My understanding is that they continue to produce a print edition mostly
because of certain advantages it confers in terms of positioning, and that
it's now a loss leader.

------
bdwalter
I have a hobby that I read 3-4 print magazines for (fishing in the northwest,
not that it matters) and after numerous times talking to the publishers, I
still, in 2018, cannot get them to distribute an electronic version. I would
pay big money for a digital archive of one of them all the way back to the
60's. They all fear piracy so strongly they won't innovate. Boggles my mind.

------
throwawat870809
Fitness magazine.
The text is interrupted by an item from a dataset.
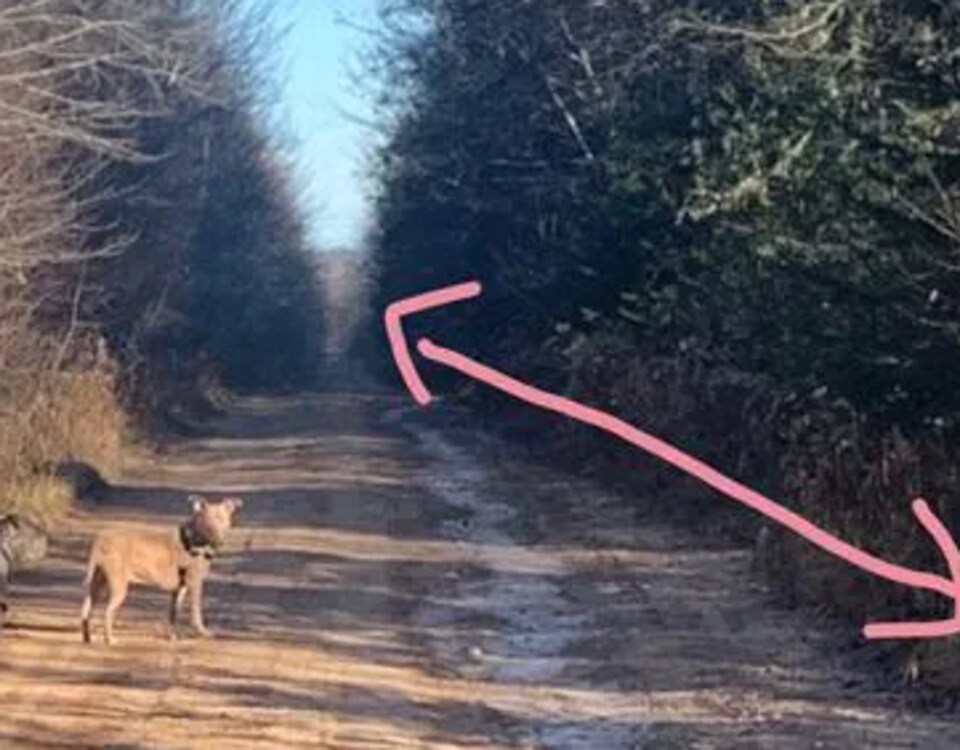 Deux chiens sont sur le chemin de terre dans un secteur boisé.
Usually the information is rehashed stuff from last month
but I subscribe for two reasons.

1\. Monthly renewal of motivation to workout. 2\. I limit screen time at home.
So magazines are fun to read/look at.

------
danielblazevski
MIT Tech Review, which keeps me up to date with a whole spectrum of advances
and trends in tech, and The Atlantic for politics — most if not all The
Atlantic is free online, but it’s dirt cheap to get the physical copy and I’m
more likely to read the longer articles with the physical copy.

------
jongold
Other than the usual suspects that have already been mentioned, I'm really
enjoy New Philosopher recently
[http://www.newphilosopher.com/](http://www.newphilosopher.com/)

------
a_cactus
Sunset Magazine. They have high quality content about living, eating, and
traveling in the West (western US).

Almost all of my other content digest is tech focused, so it’s nice to have
something a little different once a month.

------
themodelplumber
I get the AAII journal and Ad Astra because of my memberships in those orgs.
Rarely have time to read them but they are sometimes really interesting. Have
been considering getting one of the ham radio mags.

------
jccalhoun
No. I sometimes miss it but reading on a tablet has taken over that. I will
semi-regularly see what electronic mags I can get through the public library
or what is available on Amazon's prime reading.

------
brennankreiman
I subscribed to Wire because I remember how awesome the articles were at my
tech-industry family member's house. It has definitely gone downhill from what
I had remembered, all ad selling articles.

------
mrep
I bought a year subscription to wired and popular science for 5$ each on
amazon prime during black friday. Don't know if I will continue it after a
year but for the price of a coffee, why not?

------
mcintyre1994
I've come across texture.com, it's US+Canada only so I can't subscribe but I'm
pretty sure I would if I could - unlimited mobile access to lots of magazines
for $9.99/mo.

------
BenjiWiebe
Yes. Popular Science, Popular Mechanics, QST, Nuts 'n' Volts. And my parents
subscribe to Nat Geo, Readers Digest, and I think a few dairy farm/cheese
industry magazines as well.

------
mrks_
I only subscribe to print magazines when it's literature (The Paris Review).
News/science/technology is easier to filter and read through online, in my
opinion.

------
rgacote
Bi-weekly Science News is a must have for me in print.
[https://www.sciencenews.org/](https://www.sciencenews.org/)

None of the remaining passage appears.